BACKGROUND TECHNIQUES

In this invention, term “biochip”, or “chip” refers to an analysis product, in which probes are immobilized on the surface of substrate in an addressable pattern, and are made to react specifically with target molecules of a biological sample under detectable conditions to obtain identified result.

At present, the most prevailant biochip is peptides-chip and gene-chip. The peptides-chip is a biochip prepared by immobilizing sequences of amino acids (including protein) on the substrate as probe. Gene-chip is prepared by hybridizing nucleic acid and/or nucleotide acid of a sample with complementary target nucleic acid and/or nucleotide acid; or is prepared by combining with specific antibody so as to produce a hybridization result indicated through coloration reaction.

Biochip can be applied in extensive fields, including gene expression detection, gene screening, medicine screening, diagnosis and treatment of diseases, inspection and protection of environment, identification in judicial affairs, etc.

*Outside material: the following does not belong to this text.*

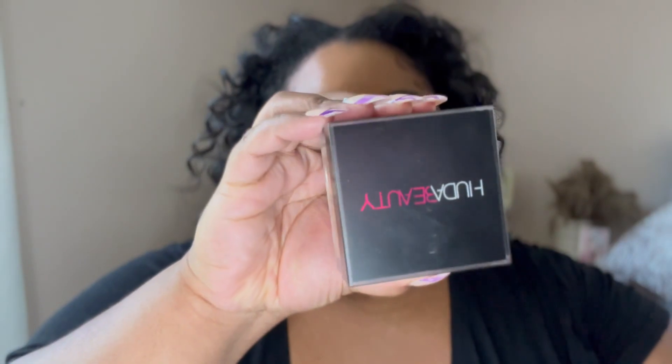Now I go in with another powder — the Huda Beauty Loose Setting Powder in the shade kunafa — and press this right over the Charlotte Tilbury powder to really lock everything in.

The core of biochip is the reactor thereon. In this invention, the term “reactor” of biochip refers to the location and other relative structures, in which probe array is immobilized and is made to react specifically with target molecules. The “probe” in this invention includes all bio-active substances that can be immobilized addressably on the substrate, such as DNA, peptide, protein, cell, tissue etc. In this invention, the “substrate” refers to the component acting as solid matrix to immobilize probe array in biochip; the “probe-plate” refers to the substrate fixed with probe array. In this invention, biochip is defined as mono-reactor biochip (n=1) and multi-reactor-biochip (n≧2), according to the number (n) of reactors on a biochip.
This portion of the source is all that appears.